■ Task requirements ■
Return nothing but the lines from the line with "印第安维尔斯埃斯梅拉达万丽度假水疗度假村(Renaissance Esmeralda Resort" through the last line of the entries that follow, copied exactly and free of pictures.

[[ The input, beginning ]]

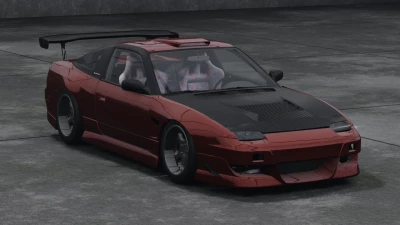 Nissan 240SX (FREE) v1.8 0.30.x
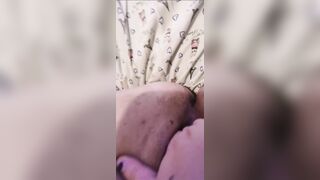 BBW Filthy Talks while Fucking Cunt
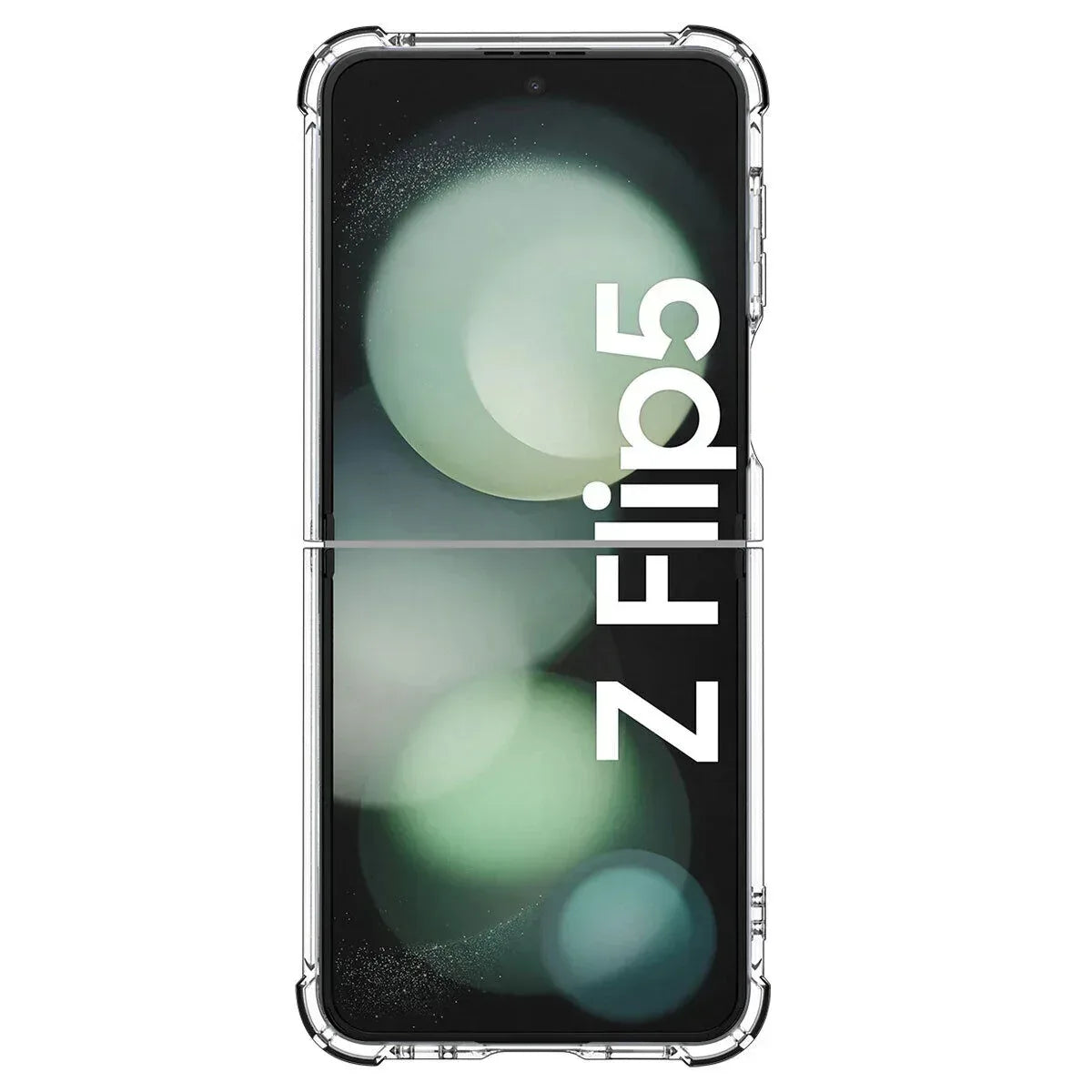 Transparent Magsafe Case Samsung Z Flip 5 - Three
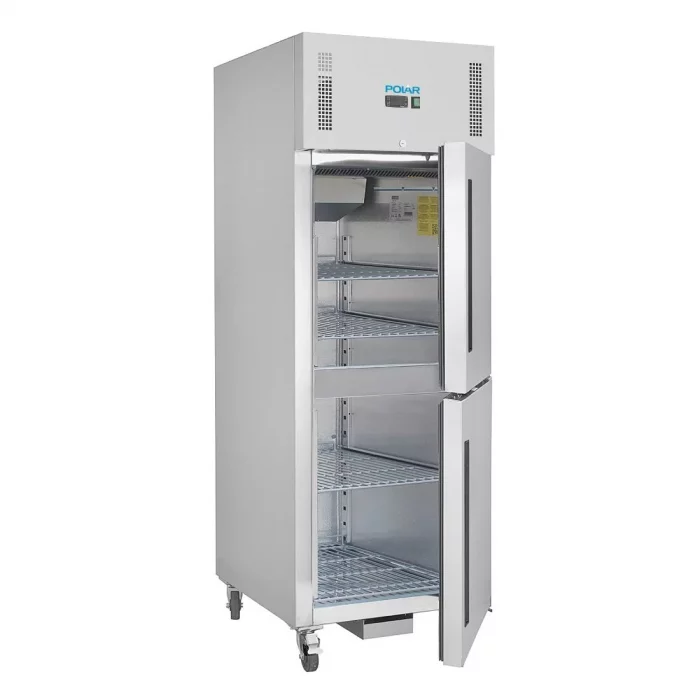 Polar G-Series Upright Stable Door Gastro Freezer 600Ltr - Image 4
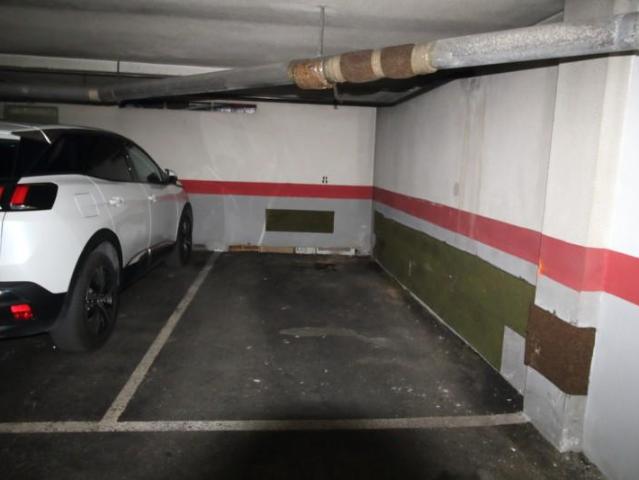 Garaje en venta en Los Campos, Gijón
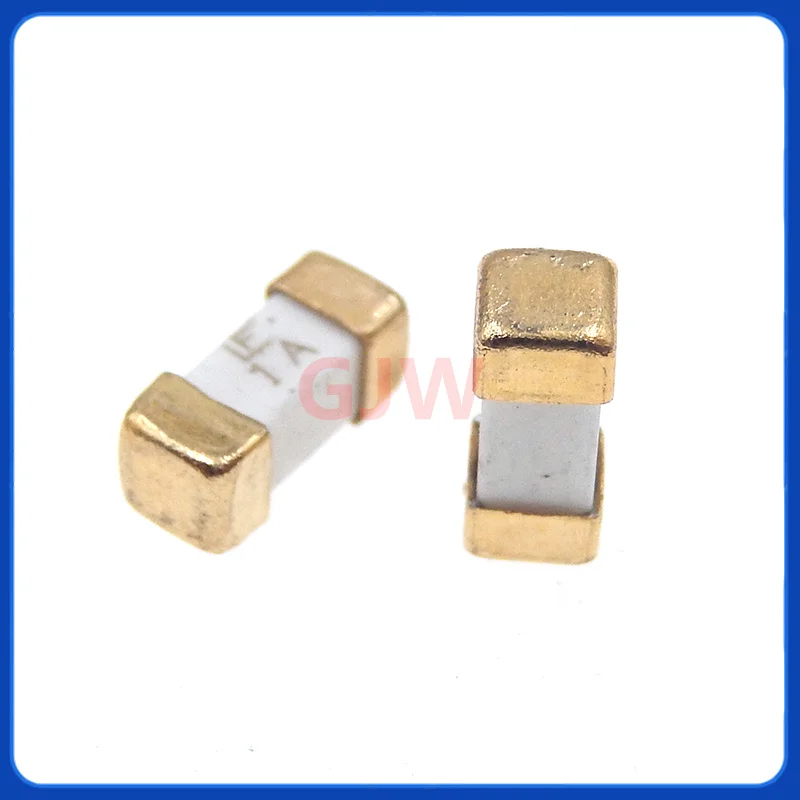 10 unids/lote oro 1808/2410/6125 SMD fusible de soplado rápido 0.5A 500mA 1A 2A 3A 4A 5A 6.3A 8A 10A 12A 15A 500MA 750MA ibuw fusible ultraarrápido - imagen 4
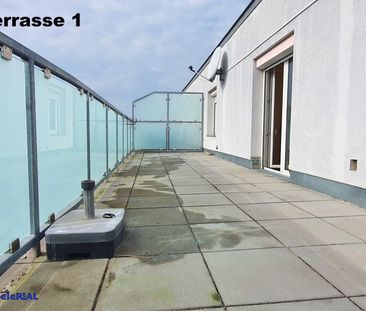 Tolle Terrassen – ruhige Wohnung – zuzüglich Heizung - Foto 5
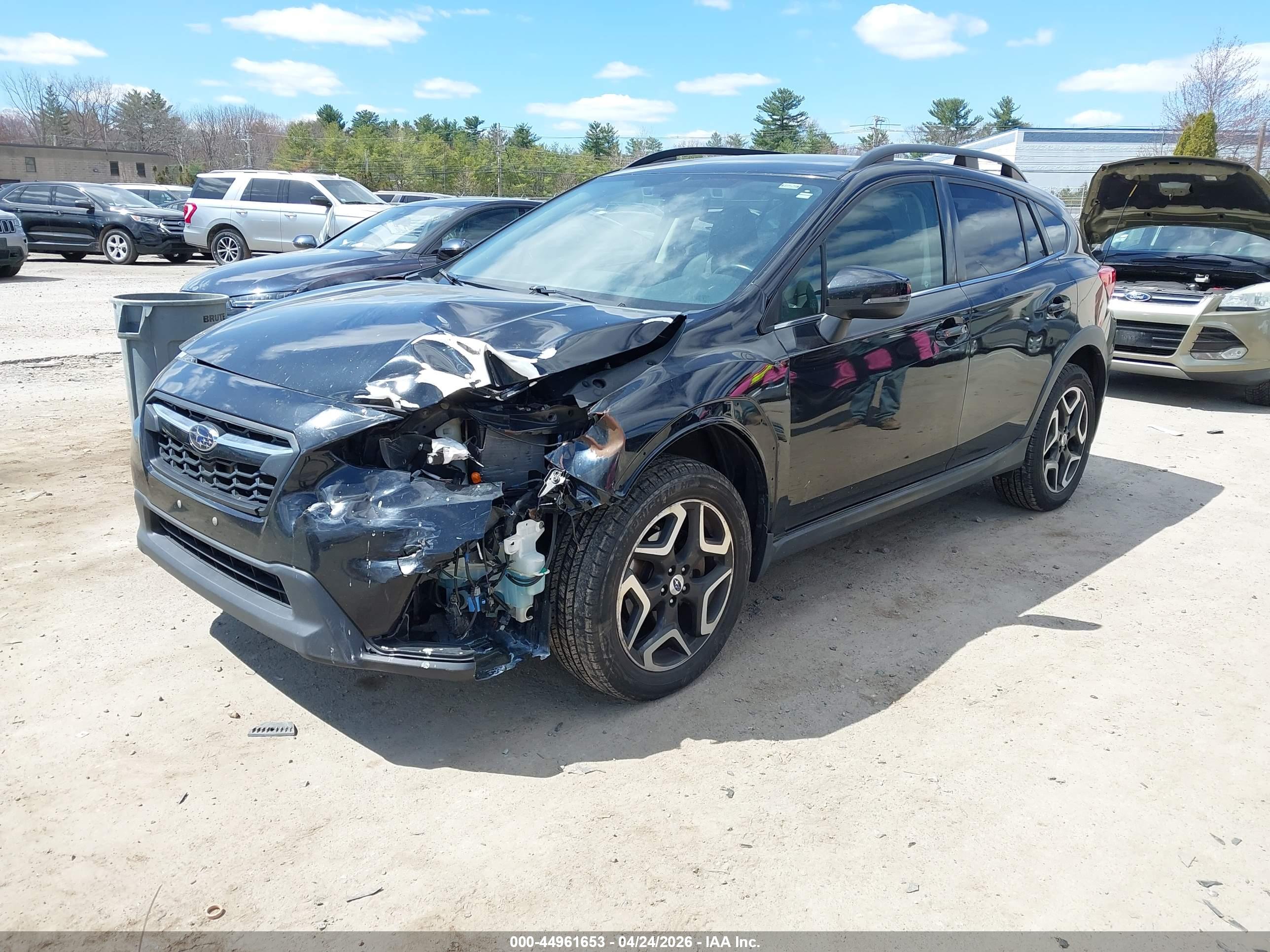 SUBARU CROSSTREK image 2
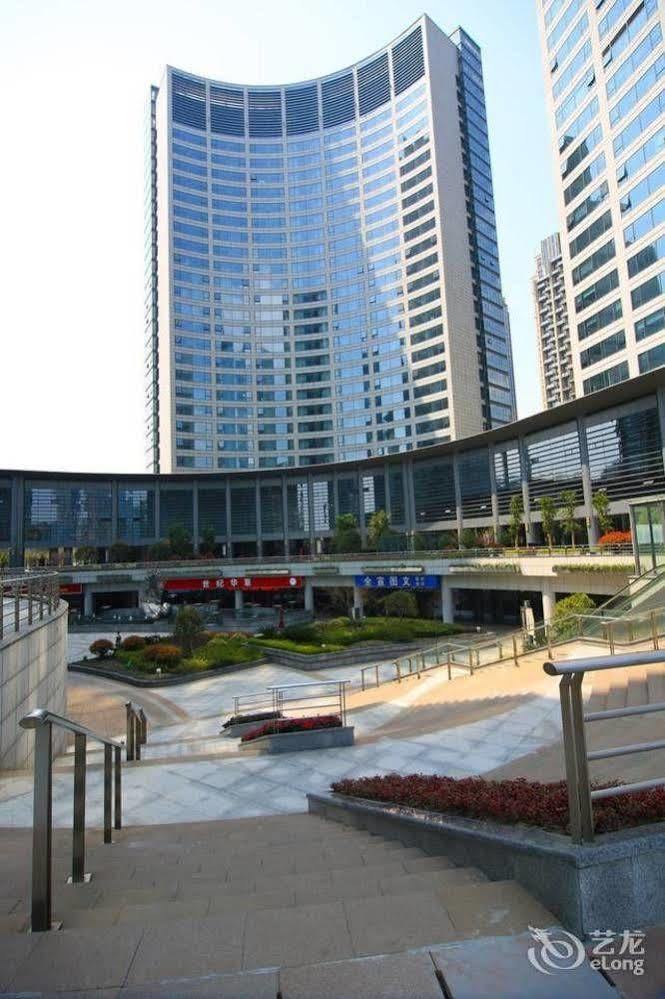 Sixiangjia Hotel Apartment Hangzhou Exterior foto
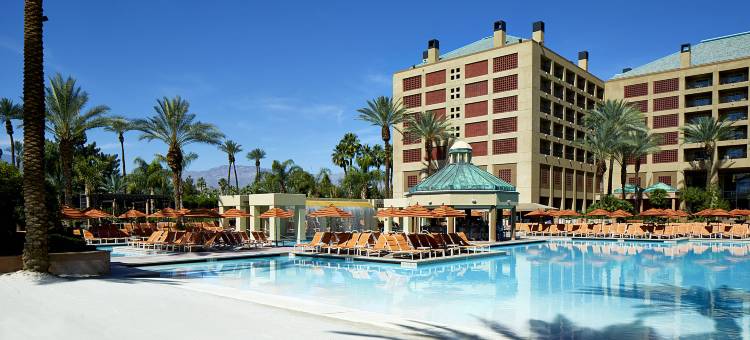 印第安维尔斯埃斯梅拉达万丽度假水疗度假村(Renaissance Esmeralda Resort & Spa, Indian Wells)图片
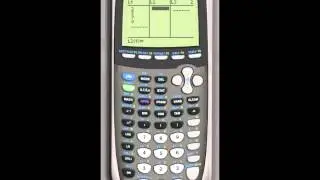 Linear Regression - TI-84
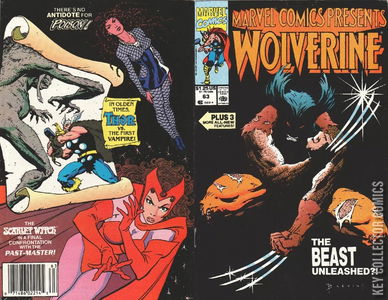 Marvel Comics Presents #63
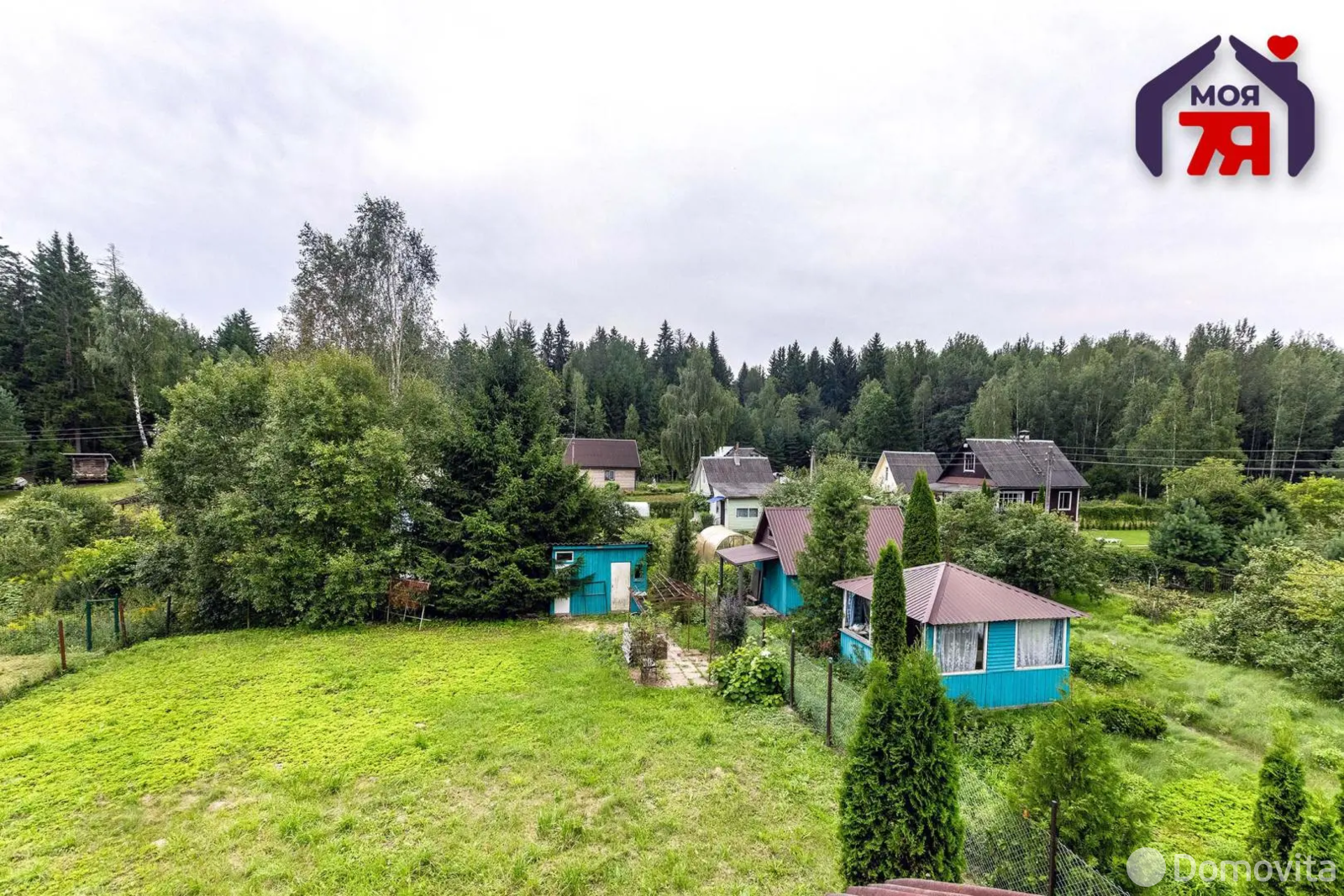 Продажа 2-этажной дачи в Чернявка Минская область, 47500USD, код 183819 - фото 17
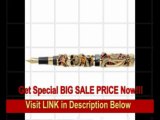 [BEST PRICE] Montegrappa Chaos Limited Edition 18K Gold Fountain Pen Extra Fine Point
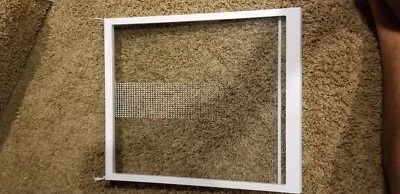 Estante Frame R FRS-701DTU 3012224500, refrigerador Daewoo RFS-26AWD Foto 1 de 4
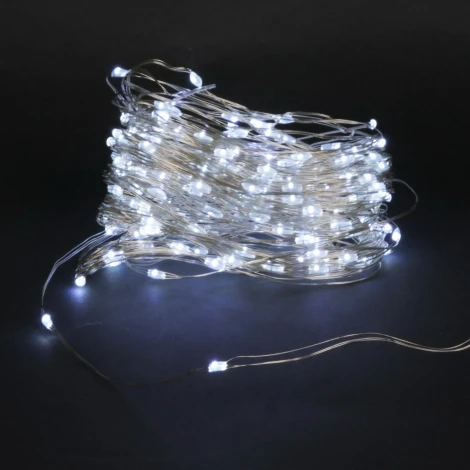 Гирлянда светодиодная светодиодная 20 м Sneha A-961 WT
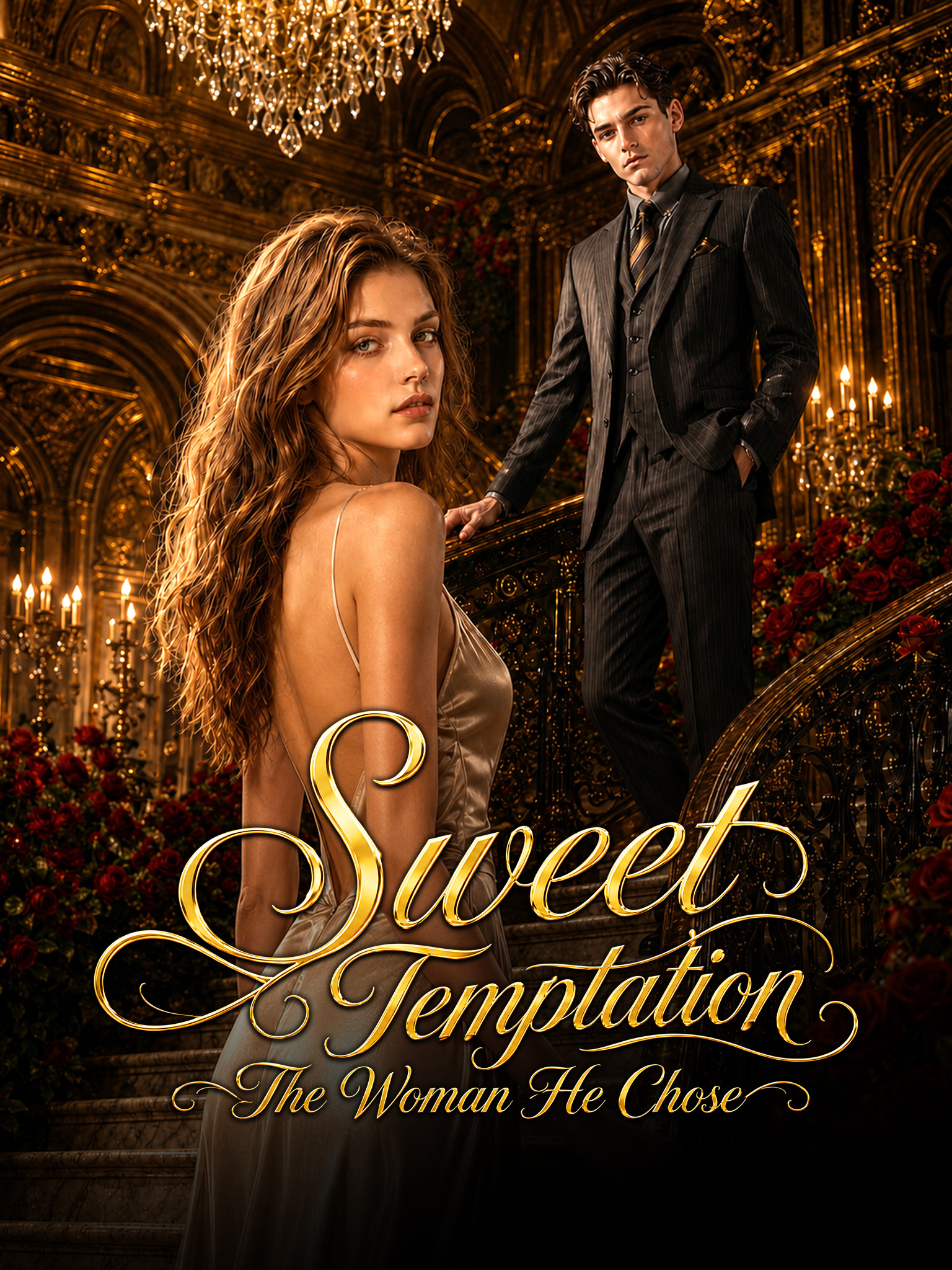 Sweet Temptation The Woman He Chose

[[ The input, end ]]

■ Problem solution ■
 印第安维尔斯埃斯梅拉达万丽度假水疗度假村(Renaissance Esmeralda Resort & Spa, Indian Wells)图片
 Linear Regression - TI-84
 Marvel Comics Presents #63
 Продажа 2-этажной дачи в Чернявка Минская область, 47500USD, код 183819 - фото 17
 [BEST PRICE] Montegrappa Chaos Limited Edition 18K Gold Fountain Pen Extra Fine Point
 Estante Frame R FRS-701DTU 3012224500, refrigerador Daewoo RFS-26AWD Foto 1 de 4
 Гирлянда светодиодная светодиодная 20 м Sneha A-961 WT
 Sweet Temptation The Woman He Chose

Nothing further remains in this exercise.